START SUPPLIED INFORMATION

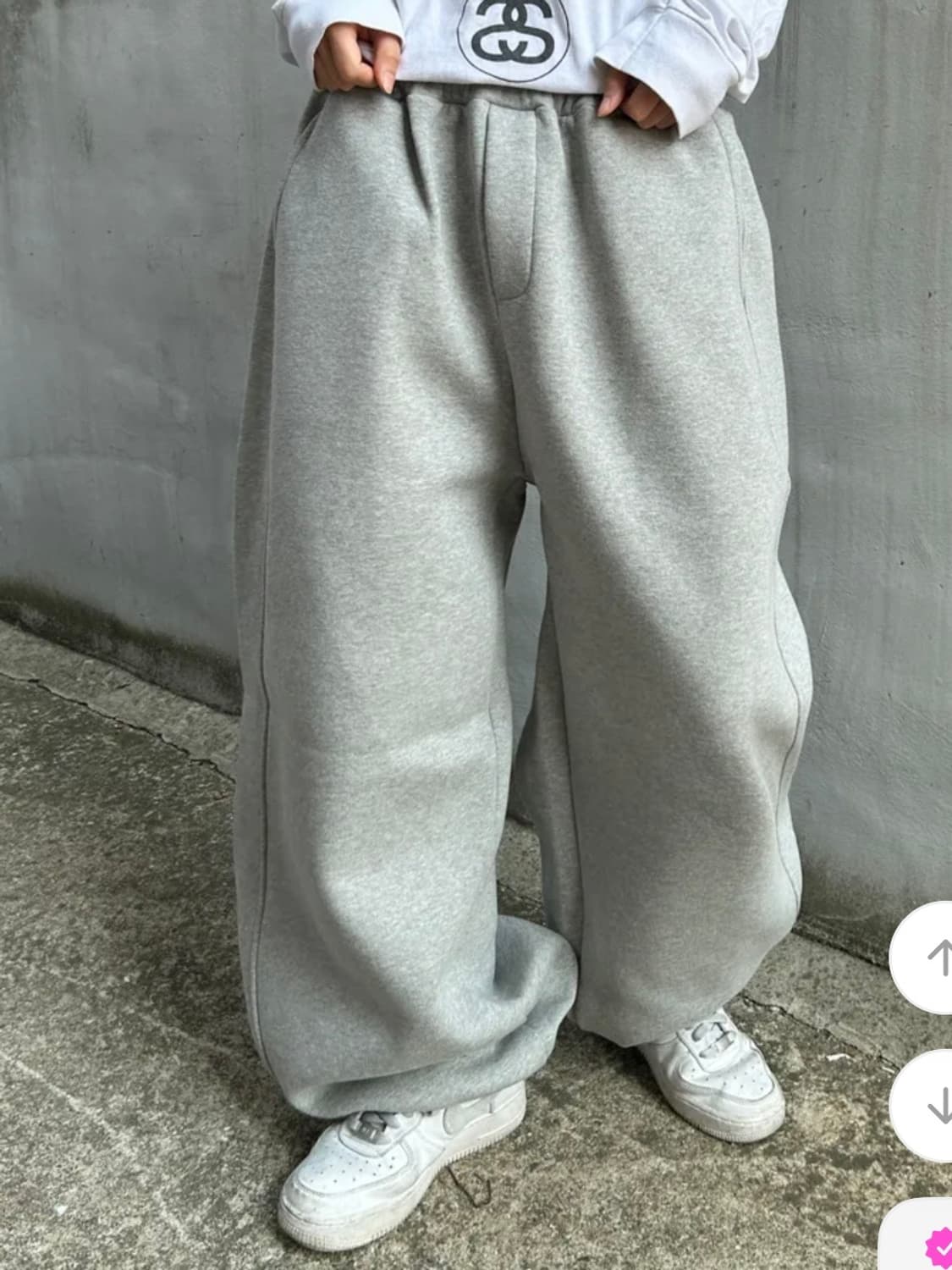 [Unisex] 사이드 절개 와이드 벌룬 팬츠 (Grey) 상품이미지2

END SUPPLIED INFORMATION
START SUPPLIED INFORMATION

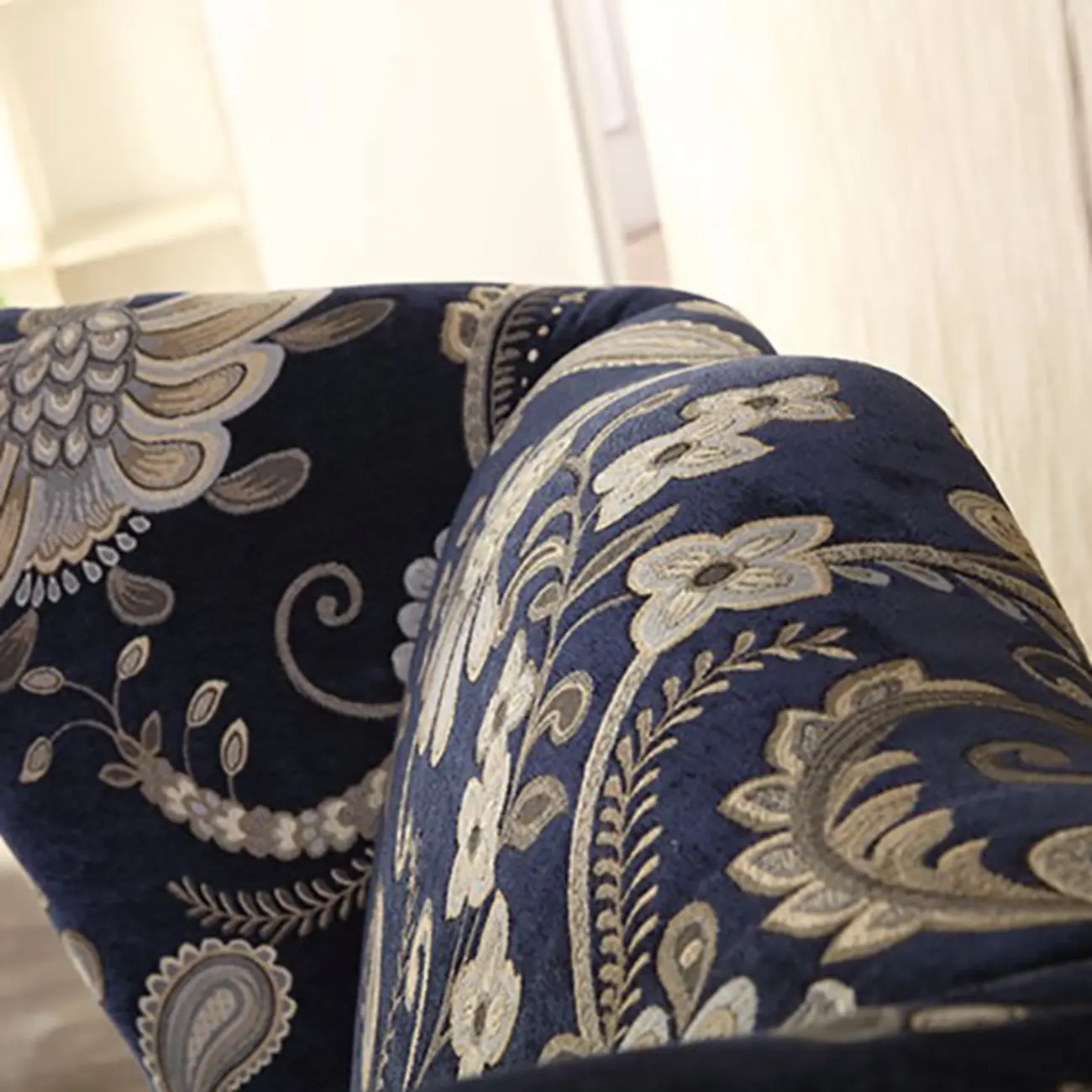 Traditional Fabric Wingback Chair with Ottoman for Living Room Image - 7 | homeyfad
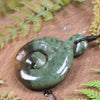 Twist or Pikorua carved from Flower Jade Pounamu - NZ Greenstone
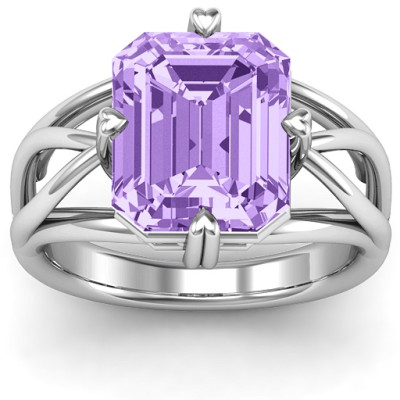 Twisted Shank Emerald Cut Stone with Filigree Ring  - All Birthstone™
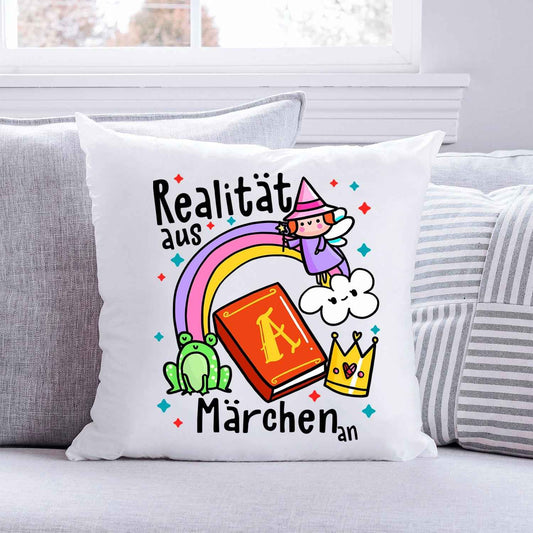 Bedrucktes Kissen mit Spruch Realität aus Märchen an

END SUPPLIED INFORMATION

INSTRUCTIONS FOR THE TASK
With the pictures left out, write out exactly the lines above from the one containing "Twist or Pikorua" through the one containing "Bedrucktes Kissen mit".

ANSWER TO THIS EXERCISE
 Twist or Pikorua carved from Flower Jade Pounamu - NZ Greenstone
 Twisted Shank Emerald Cut Stone with Filigree Ring  - All Birthstone™
 Bedrucktes Kissen mit Spruch Realität aus Märchen an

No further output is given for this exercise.